A former child combatant has gone on trial at Guantanamo Bay on Tuesday.


Afp August 11, 2010

GUANTANAMO BAY NAVAL BASE (CUBA): Guantanamo Bay's youngest detainee, Canadian Omar Khadr, on Tuesday became the first person to face trial before a military tribunal here since President Barack Obama took office.

Khadr, who was captured by US troops in Afghanistan at the age of 15, faces life in prison for allegedly throwing a grenade that killed a US soldier during the siege of an al Qaeda compound in the eastern city of Khost in July 2002.

He denies throwing the grenade and his lawyers say the prosecution's case is founded on confessions extracted by torture during eight years of detention, initially at Bagram Air Base in Afghanistan and later at Guantanamo.
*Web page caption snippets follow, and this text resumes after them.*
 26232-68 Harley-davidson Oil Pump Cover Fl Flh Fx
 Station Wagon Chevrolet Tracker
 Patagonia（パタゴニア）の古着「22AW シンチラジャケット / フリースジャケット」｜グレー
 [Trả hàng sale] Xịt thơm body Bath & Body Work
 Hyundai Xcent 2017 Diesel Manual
Khadr appeared in the courtroom dressed in Western clothing and a tie, as deliberations began in choosing a jury of military officers to hear the case of the 23-year-old who has spent more than a third of his life in US detention.
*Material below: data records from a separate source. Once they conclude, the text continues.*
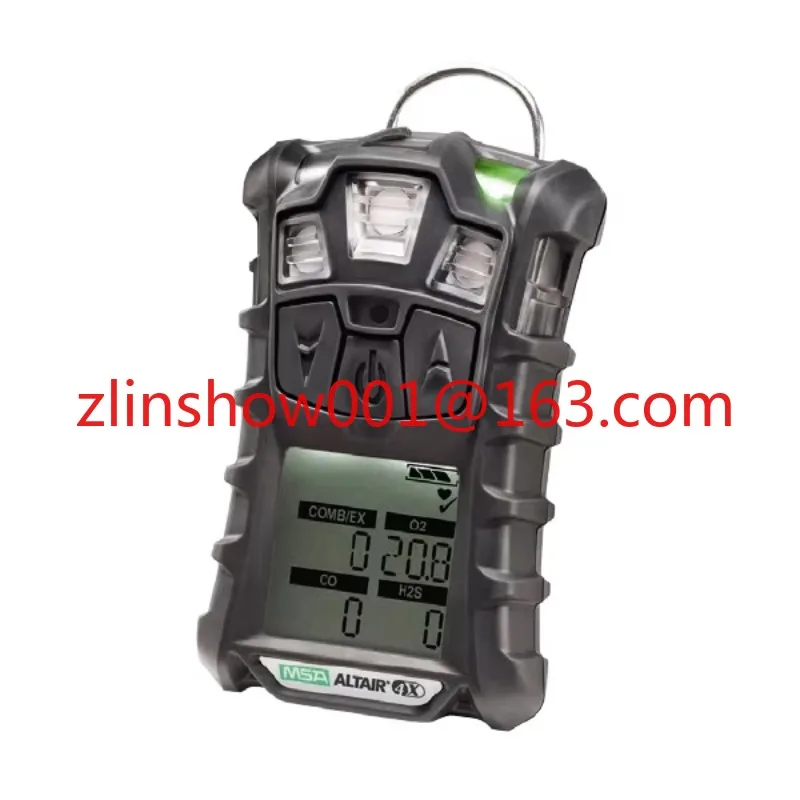 

Altair 4XR Portable Multi-Gas Detector LEL O2 H2S CO Gas Detector Industrial Laboratory Gas Analyzer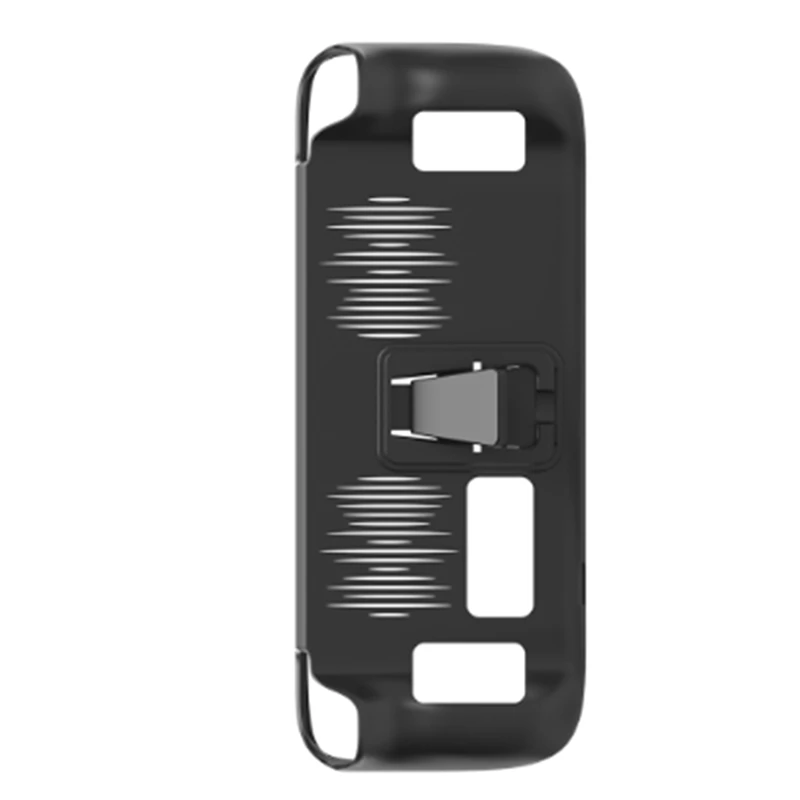 Capa protetora para Steam Deck Console, TPU JYS-SD012, Shell frontal destacável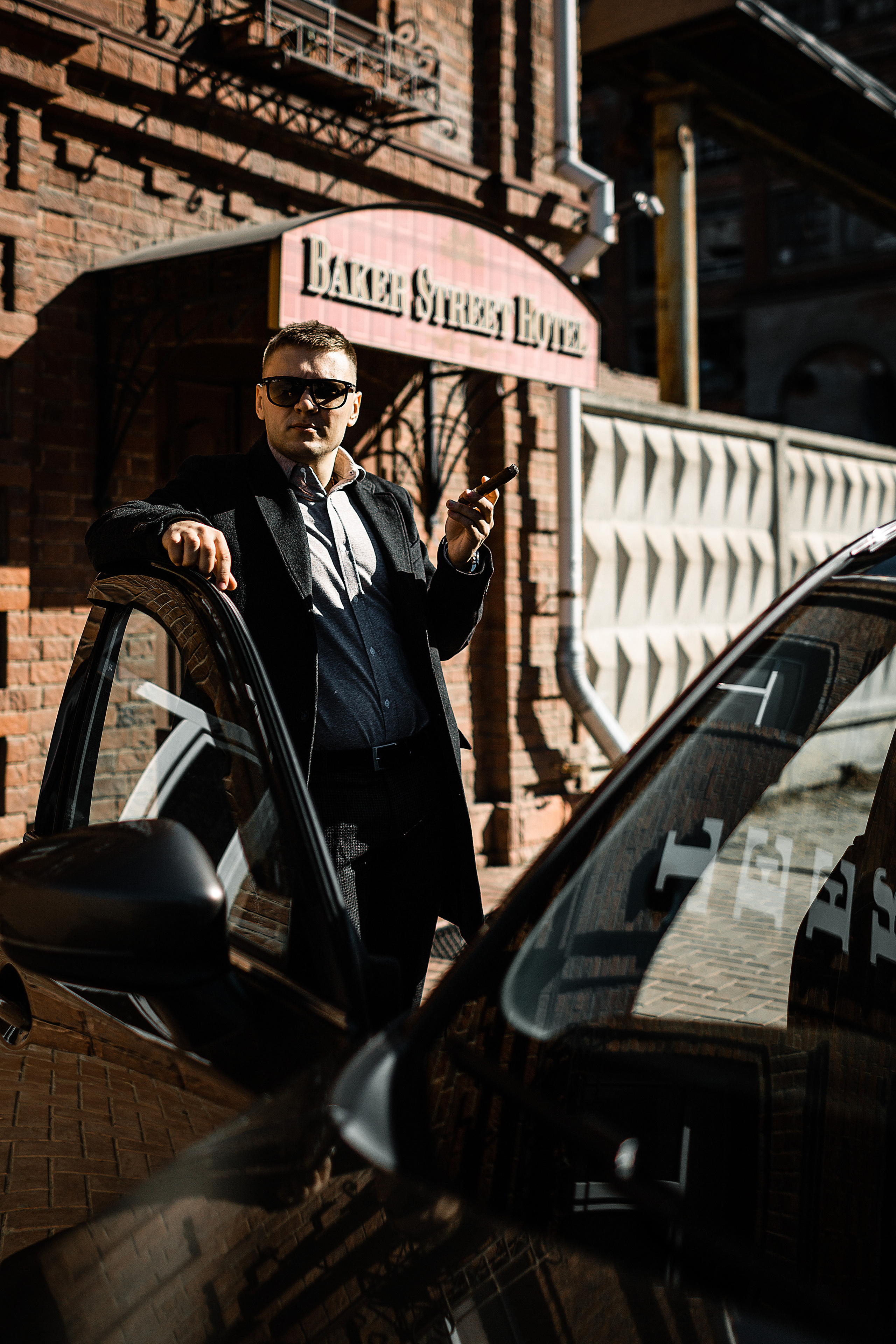 МУЖСКОЙ. Фотограф Бодров Александр Нижний Новгород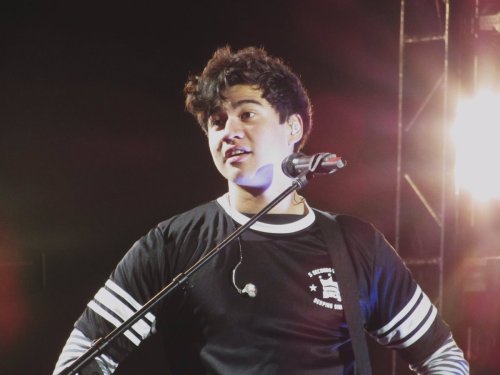 thedailyfivesos:SLFL Tour: Albuquerque, NM. - September 11, 2016. [x]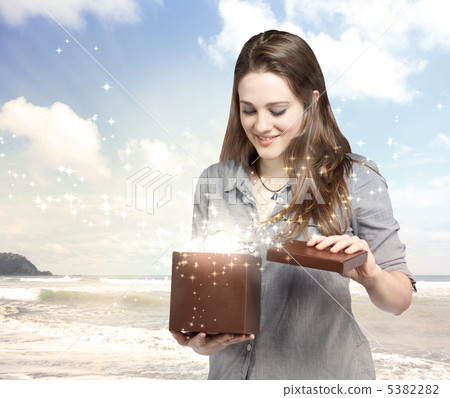 一個打開魔盒的女人 5382282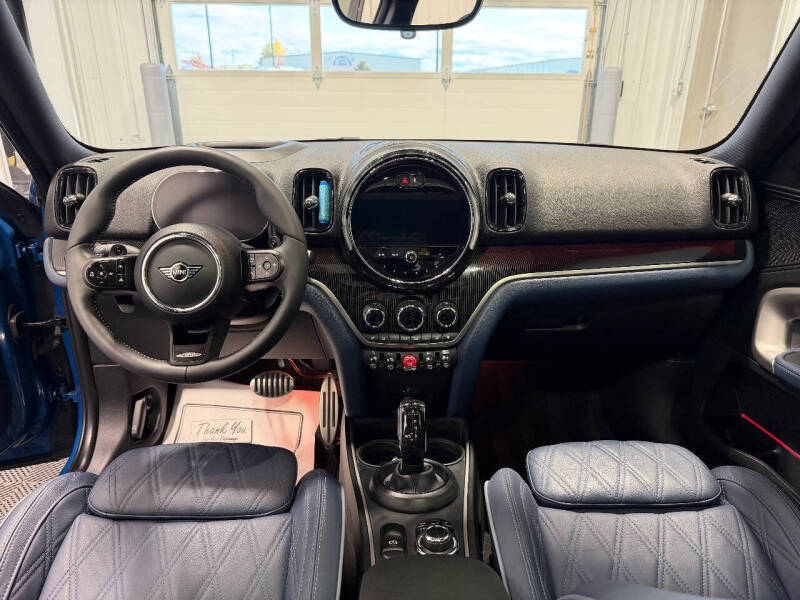 2024 MINI Countryman John Cooper Works ALL4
Speaking after the hearing, Khadr's Canadian civilian lawyer Denis Edney said his client had "glowed" when he glimpsed his reflection in a window.

"It's the first time in eight years he's been able to feel human," Edney explained.

Khadr, the last remaining Westerner at Guantanamo, is alleged to have been trained by al Qaeda and joined a bomb-making network organised by Osama bin Laden. Seriously wounded in Afghanistan, including losing vision in his left eye, Khadr has so far refused Washington's offer of 30 years in prison- including 25 in Canada-in exchange for a guilty plea.

His US military lawyer Jon Jackson and military prosecutors must select at least five officers for the jury in the trial, which is expected to last at least three weeks at the US naval base on the southeastern tip of Cuba.

On Monday, Jackson sought the withdrawal of statements that Khadr made at Bagram and at Guantanamo, insisting they were made under duress.But military judge Patrick Parrish ruled in a pre-trial hearing that Khadr's alleged confessions can be heard, angering the defense team which labeled the decision "disgraceful."

At the start of Tuesday's court proceedings, an official read out five charges against Khadr, including murder, espionage and material support for terrorism.

The judge instructed the 15 officers being interviewed that as jury members they should reach their conclusions "beyond a reasonable doubt" but that they would not need to rely on "mathematical certainty."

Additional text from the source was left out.